5 Ways to Change Your Lens Around Kids Behavior and Collaboration (P1)


Addressing behavioral challenges in students is crucial to ensuring a productive learning environment. However, traditional approaches often fail to understand and resolve the root problems causing these behaviors. At ThinkCERCA’s 2023 Leadership Institute, we had the pleasure of having Dr.Ross Greene, child psychologist and New York Times bestseller author of Raising Human Beings, break down child behavior issues into one simple answer: “Ask the kid.” 

Watch the full video of Dr. Greene’s advocacy for a collaborative and proactive approach here

There are five key paradigm shifts to changing your lens on behavior challenges: 

1. Emphasize solving problems rather than modifying the behaviors.

When caretakers see behavioral concerns, they often focus on the behaviors rather than the problems causing them. Rather than modifying those behaviors, we need to understand consequences are not problem-solving strategies.

What causes these problems? Unsolved problems, or in other words, unmet expectations, result in concerning behaviors. These behaviors are stress responses or the signals by which a child exhibits that they are having difficulty meeting expectations. 

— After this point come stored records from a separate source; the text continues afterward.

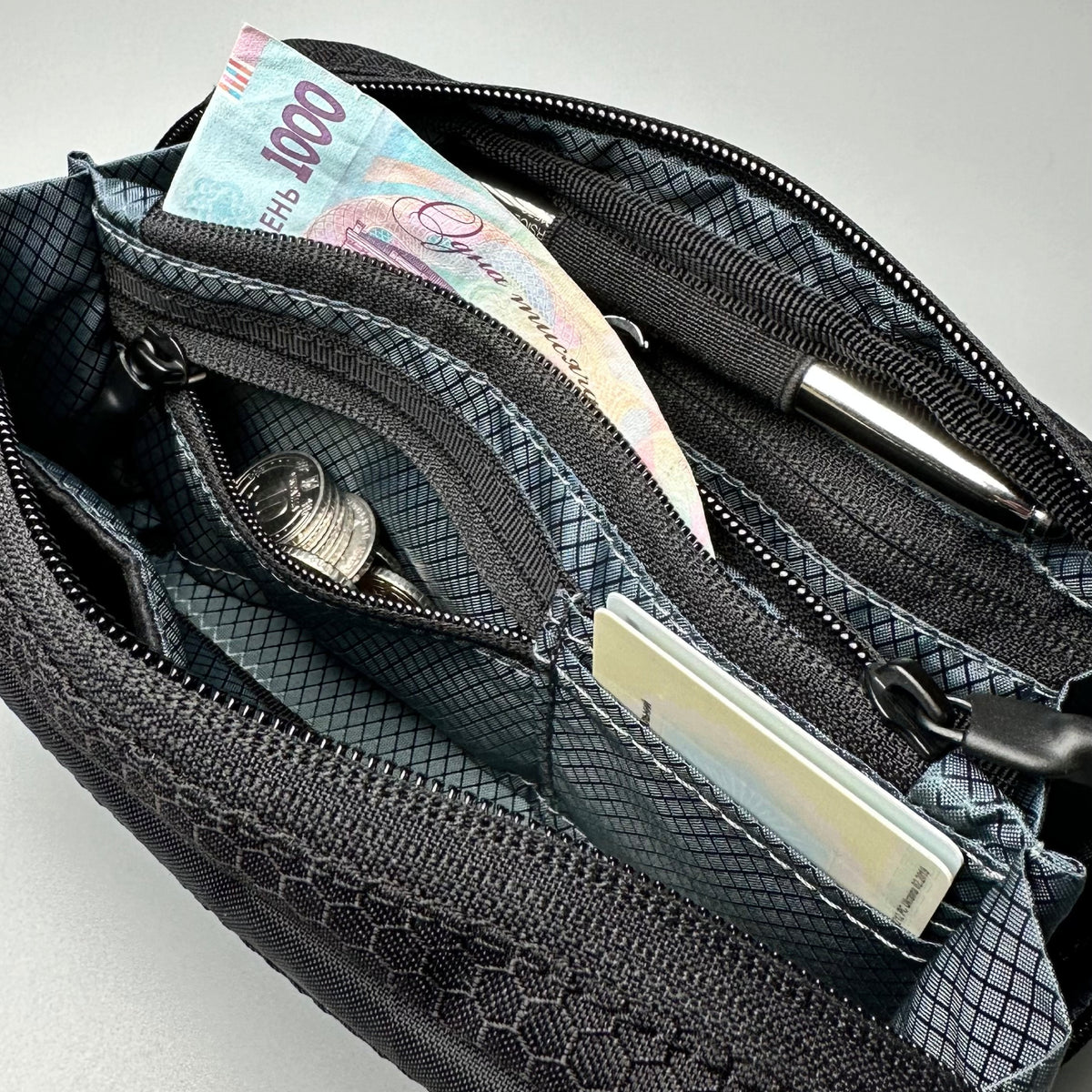 EDC Zip Pouch X-Pac VX21 GEOM Stride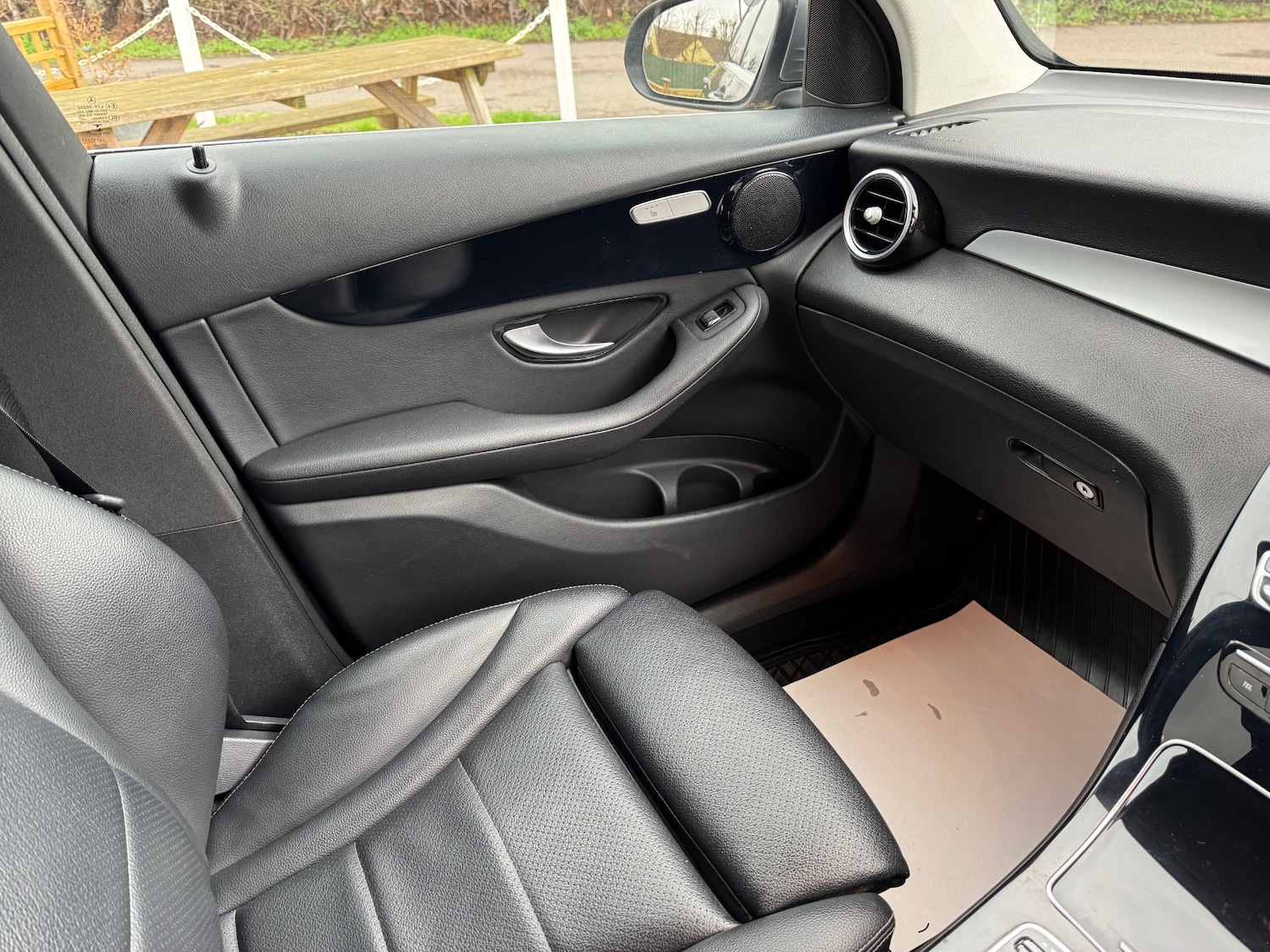 Used Mercedes-Benz GLC 2019 for sale - 77335668: Photo 11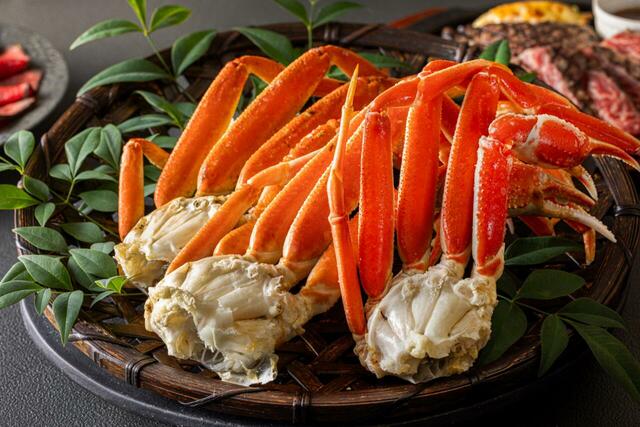 「本ずわい蟹 蟹酢添え」＜期間：2026年1月10日〜4月10日＞【北海道産ブランド肉が「横浜ベイシェラトン」に大集結！“黒毛和牛”も“シメパフェ”も楽しめる冬の豪華ブッフェ開催！】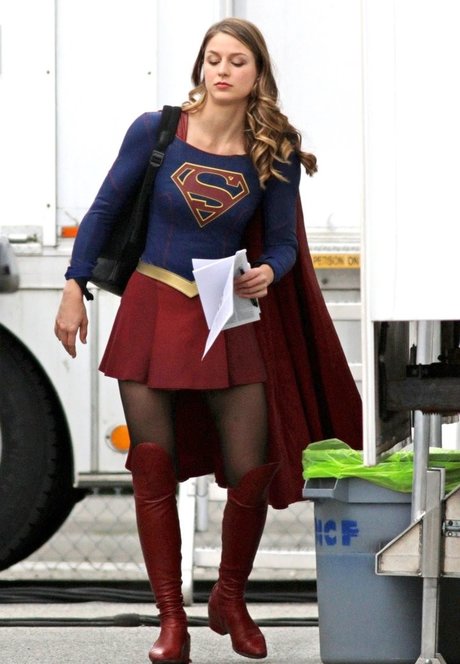 Melissa Benoist xxx actress photo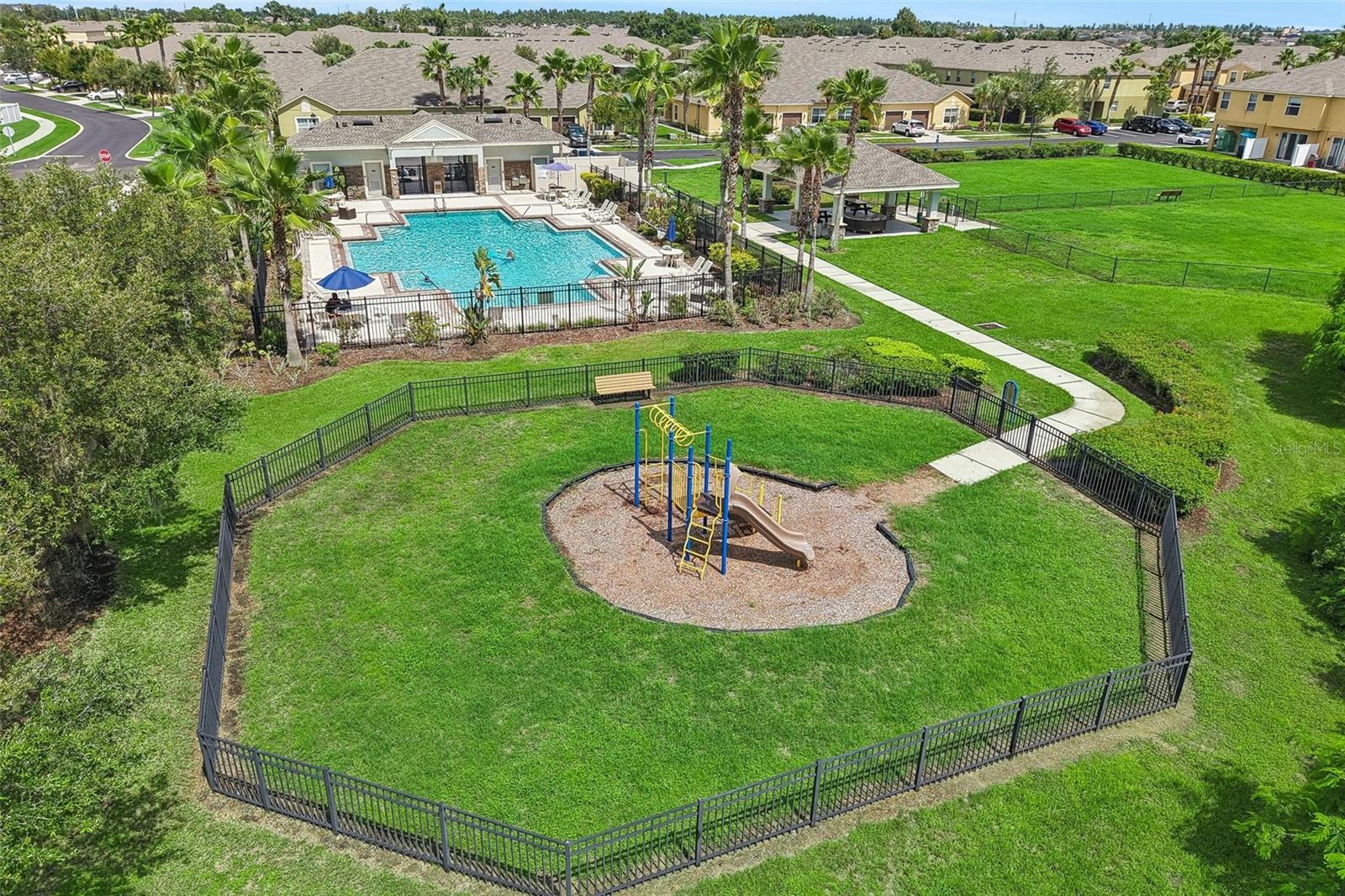 2246 GOLDEN FALCON DR — photo 31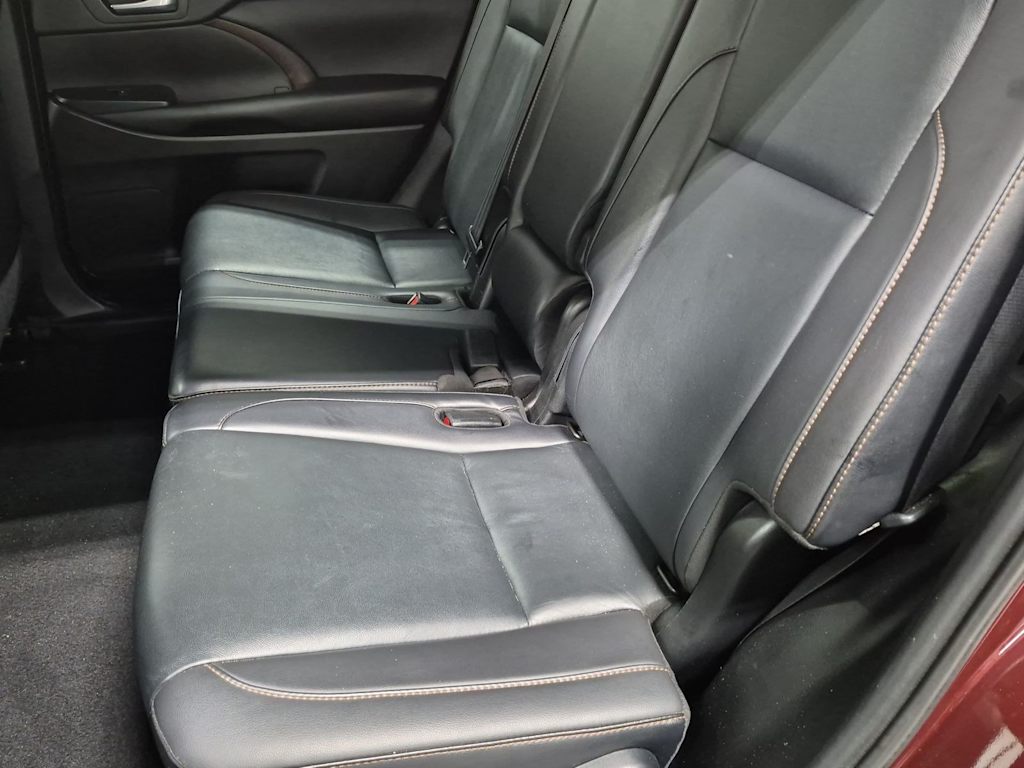 Thumbnail: 2015 Toyota Highlander - 12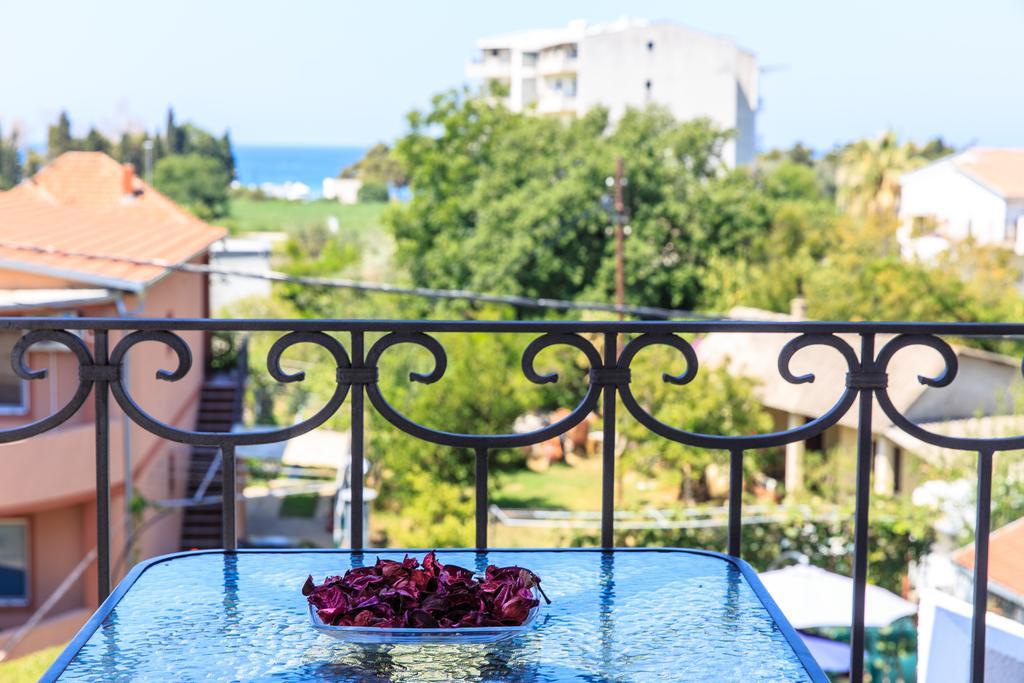 De Lux Apartments Luka Бар Екстер'єр фото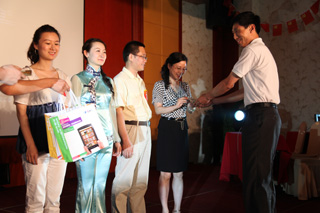 集團(tuán)公司舉行我愛唱紅歌暨黨建黨史知識(shí)競(jìng)賽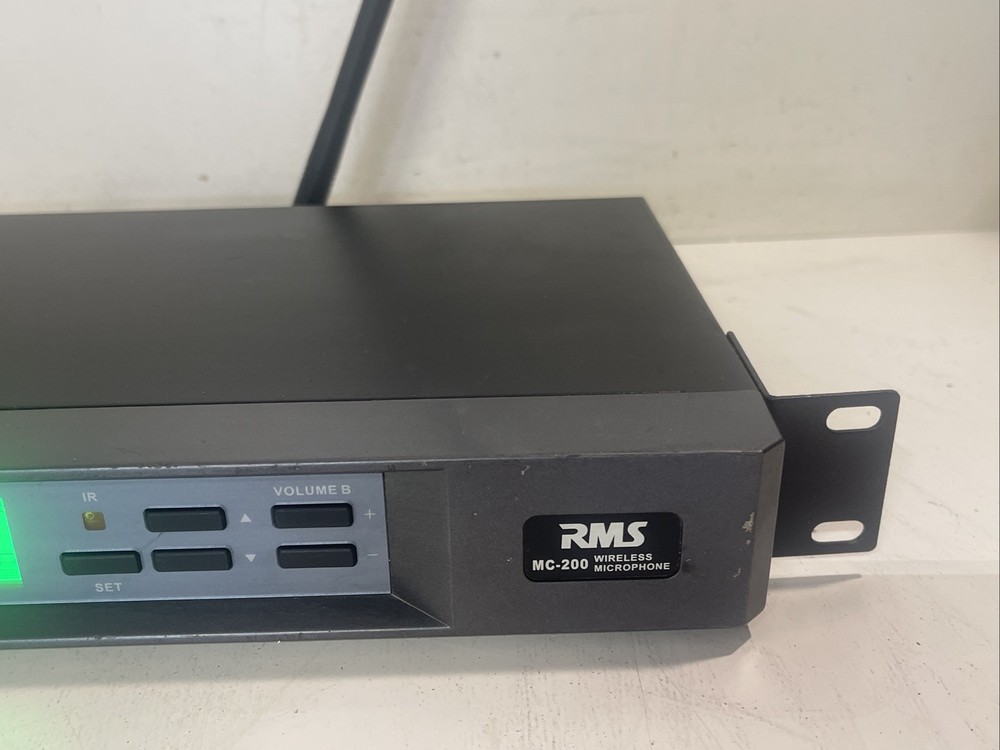 RMS MC-200 Wireless Microphone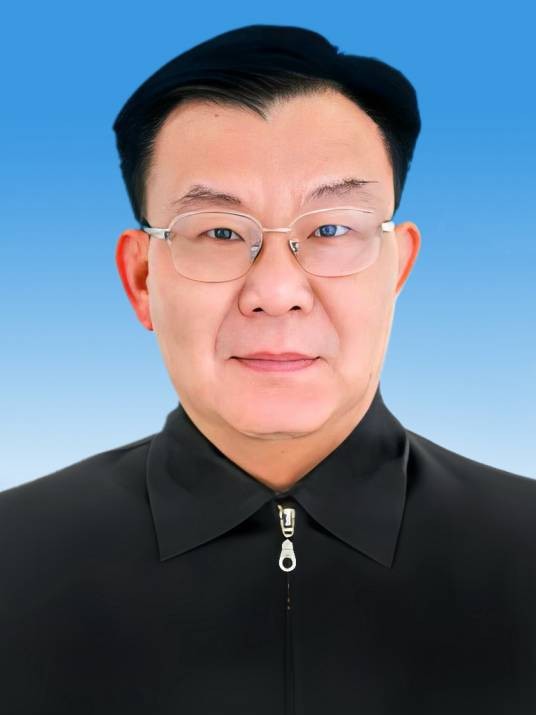 甘霖（广西壮族自治区人大教育科学文化卫生委员会副主任委员）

Dr.Greene has two categories of signals: lucky and unlucky. Lucky behaviors such as whining and sulking are more likely to elicit empathy and support. Unlucky signals, such as screaming and hitting, result in adverse consequences like detention or suspension. Both communicate the same thing: the child has been struggling to meet expectations for a long time. 

2. Solve the problem collaboratively, not unilaterally.

As caretakers, based on our training or experience, we solve problems unilaterally. When something is not working, no one has more critical information than the kids themselves. 

Here, Dr. Greene emphasizes again the importance of “asking the kids” to engage them in solving the problems collaboratively. Rather than talking about their concerning behaviors with questions such as “Why did you do that?” educators should focus on the unmet expectations they have been struggling with.

3. Problem-solving needs to be proactive, not reactive.

Dr. Greene advises against consequences as they are reactive approaches that are not only not able to hold a child accountable, nor are they able to address what is getting in the way of meeting expectations. Consequences are a behavioral modification strategy based on the belief that a child is poorly motivated when they lack the skills to respond more adaptively to problems and frustrations. 

Caretakers should dedicate 90% of their time to proactively identifying and resolving potential issues, reserving 10% for unforeseen problems.  Once the lagging skills and unsolved problems are recognized, interventions can be proactive. 

Watch the clip below ⤵️.








4. Kids do well if they can. 

The opposing mentality says kids do well if they want to, but that is not the case. Adults often times associate kids with challenging behavior issues as attention-seeking, manipulative, and coercive. These are assumptions that happen when we do not consult the kids themselves. But the case is that they are lacking the necessary skills to tackle the unsolved problems. 

What are those necessary skills? Emotion regulation, problem-solving, frustration tolerance, flexibility/adaptability. By solving problems collaboratively with children, they can hone these skills so they can respond to problems and frustrations adaptively. 

5. Doing well is preferable. 

Kids much prefer to be doing well. When a child displays concerning behavior, caretakers typically teach a substitute behavior and offer rewards for its display. The child then seeks positive reinforcement and changes their behavior, while the underlying issue remains unaddressed. Prioritize the issue.